** Opening DATASET CONTENT block **

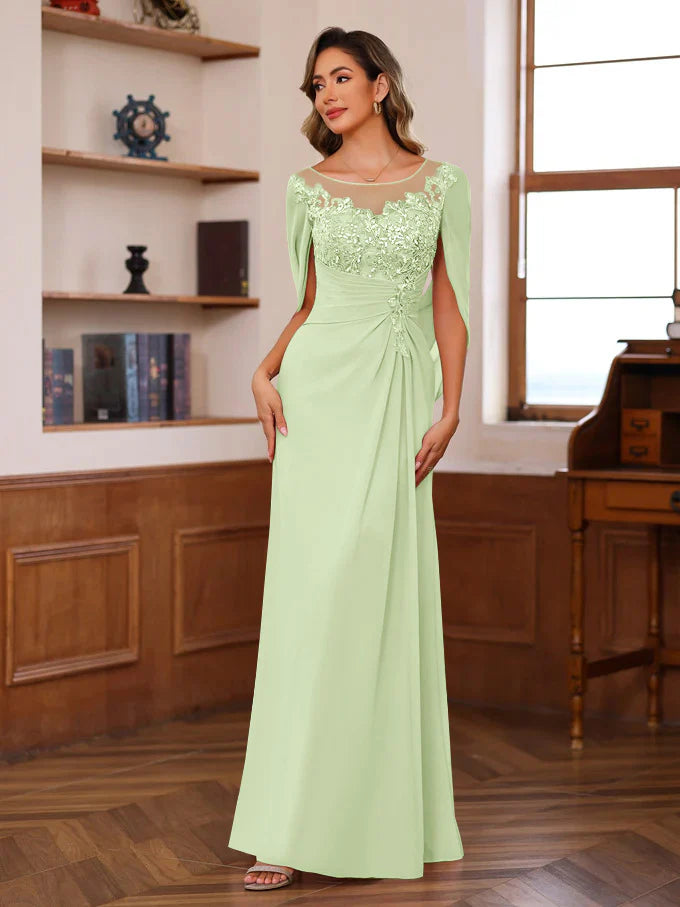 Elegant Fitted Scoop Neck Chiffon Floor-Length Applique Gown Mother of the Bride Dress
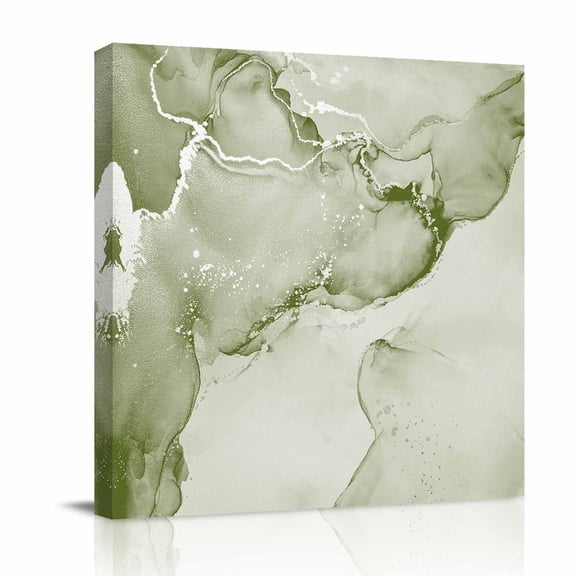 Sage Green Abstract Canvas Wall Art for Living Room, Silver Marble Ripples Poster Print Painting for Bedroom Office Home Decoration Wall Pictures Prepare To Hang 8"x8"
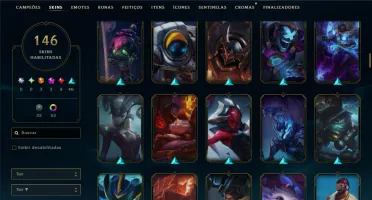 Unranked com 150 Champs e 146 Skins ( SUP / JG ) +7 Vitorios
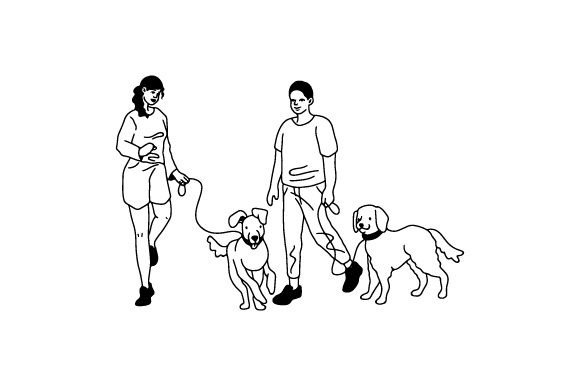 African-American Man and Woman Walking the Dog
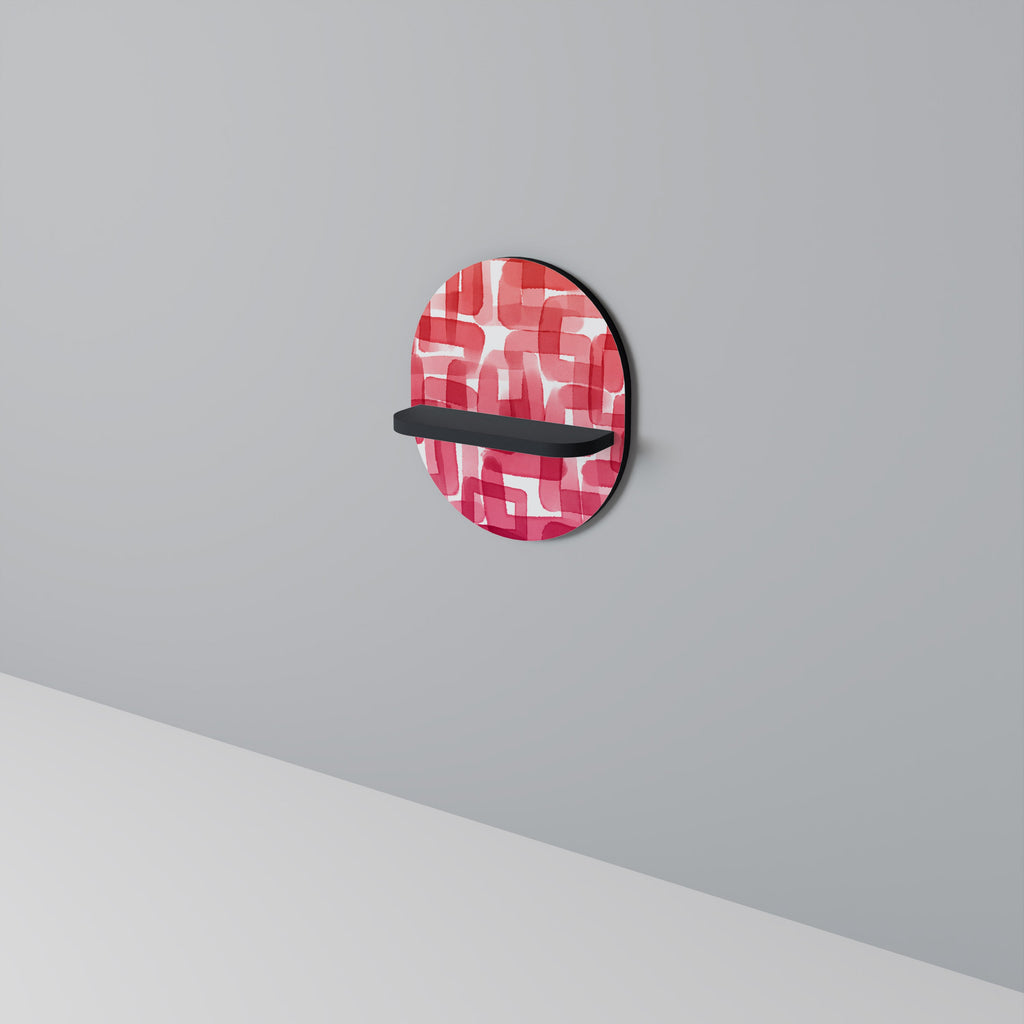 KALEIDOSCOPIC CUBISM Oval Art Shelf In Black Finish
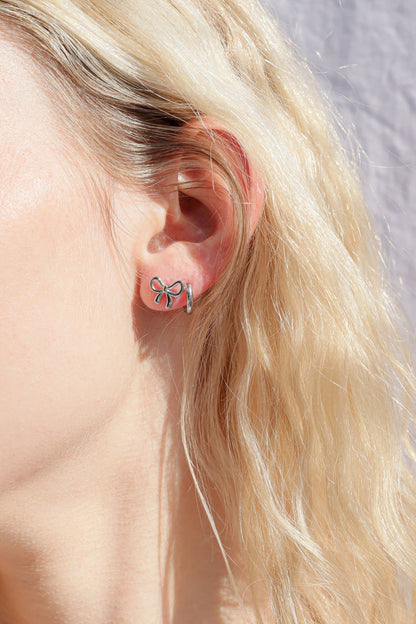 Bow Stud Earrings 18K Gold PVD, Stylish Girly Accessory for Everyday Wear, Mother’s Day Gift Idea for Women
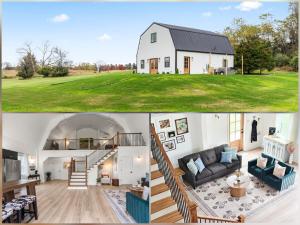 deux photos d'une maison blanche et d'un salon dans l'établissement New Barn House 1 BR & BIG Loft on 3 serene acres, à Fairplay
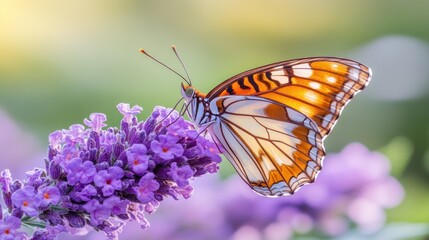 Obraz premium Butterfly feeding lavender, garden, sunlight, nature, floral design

** Closing DATASET CONTENT block **

Each record should be copied exactly, and each image left out.

» SOLUTION
 Elegant Fitted Scoop Neck Chiffon Floor-Length Applique Gown Mother of the Bride Dress
 Sage Green Abstract Canvas Wall Art for Living Room, Silver Marble Ripples Poster Print Painting for Bedroom Office Home Decoration Wall Pictures Prepare To Hang 8"x8"
 Unranked com 150 Champs e 146 Skins ( SUP / JG ) +7 Vitorios
 African-American Man and Woman Walking the Dog
 KALEIDOSCOPIC CUBISM Oval Art Shelf In Black Finish
 Bow Stud Earrings 18K Gold PVD, Stylish Girly Accessory for Everyday Wear, Mother’s Day Gift Idea for Women
 deux photos d'une maison blanche et d'un salon dans l'établissement New Barn House 1 BR & BIG Loft on 3 serene acres, à Fairplay
 Obraz premium Butterfly feeding lavender, garden, sunlight, nature, floral design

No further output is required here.